From statement four, if one of S, U, W is included, then the
other two also have to be included.
⇒ S, U, W are always together.
From statement five, L and N cannot be included together
⇒ L, N are never together.
From statement six, L and U cannot be included together.
⇒ L, U are never together.
1. 1 From statements one and two; one of P, R, S and one of
M, Q are to be selected.
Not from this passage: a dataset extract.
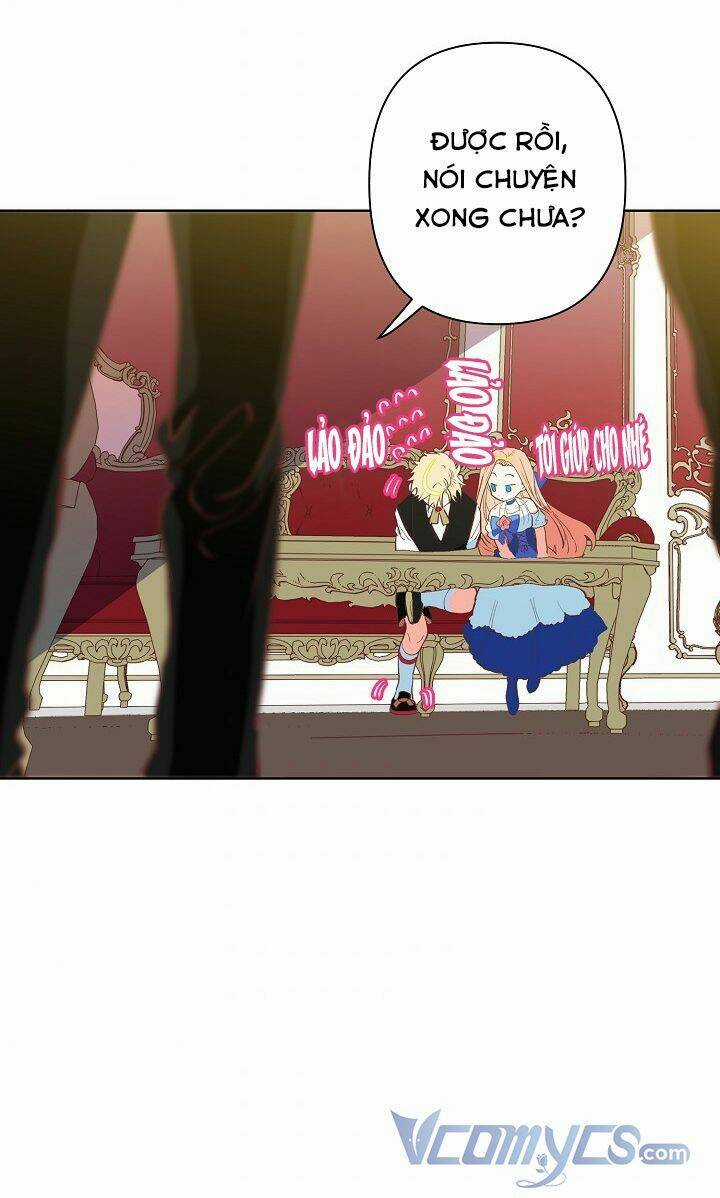 Tôi Đã Nuôi Dưỡng Một Nam Phụ Đầy Ám Ảnh Chapter 5 trang 57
We require one more member.
But from statement three; (K, L) are always together.
Hence ‘L’ cannot be included in a team of 3 members.
2. 3 Again, from statement one; one of P, R, S has to be
selected.
To make a team of ‘5’
‘S’ will be chosen (which leaves out P and R)
⇒ If ‘S’ is chosen ‘U’ and ‘W’ have to be chosen
(statement four)
⇒ If ‘U’ is chosen ‘L’ cannot be chosen (statement five)
⇒ K cannot be chosen (statement three)
And from statement two; one of M (or) Q has to be chosen.
3. 4 From statements one and two
Two members are to be selected.
Of the remaining seven;
To maximize the size of the team.
We would chose S,
⇒ U and W are included in the team (statement four)
We cannot include K (or) L because we would then have to
leave out N and U (from statements five and six)
4. 5 If ‘K’ is included, ‘L’ has to be included (statement
(3))
If ‘L’ is chosen, neither N nor U can be chosen (statements
(5) and (6))
⇒ S, W are also not included because S, U, W have to be
always together. (Statement (4))
Hence one of P (or) R would be selected (statement
(1)) and one of M (or) Q would be selected (statement (2))
(K, L) and two of the
above five have to be included.
5. 5 If a team includes N, it cannot include ‘L’, and
therefore, not even ‘K’. (from statement five and three)
According to statement (1), one of P or R or S has to be
included.
According to statement (2), one of M or Q has to be selected.
So the following cases are possible
P Q N,
R Q N
P M N,
R M N
If ‘S’ is selected, then S U W M N and S U W Q N are the only
possible cases.

Hence, in all 4 + 2 = 6 teams can be constituted.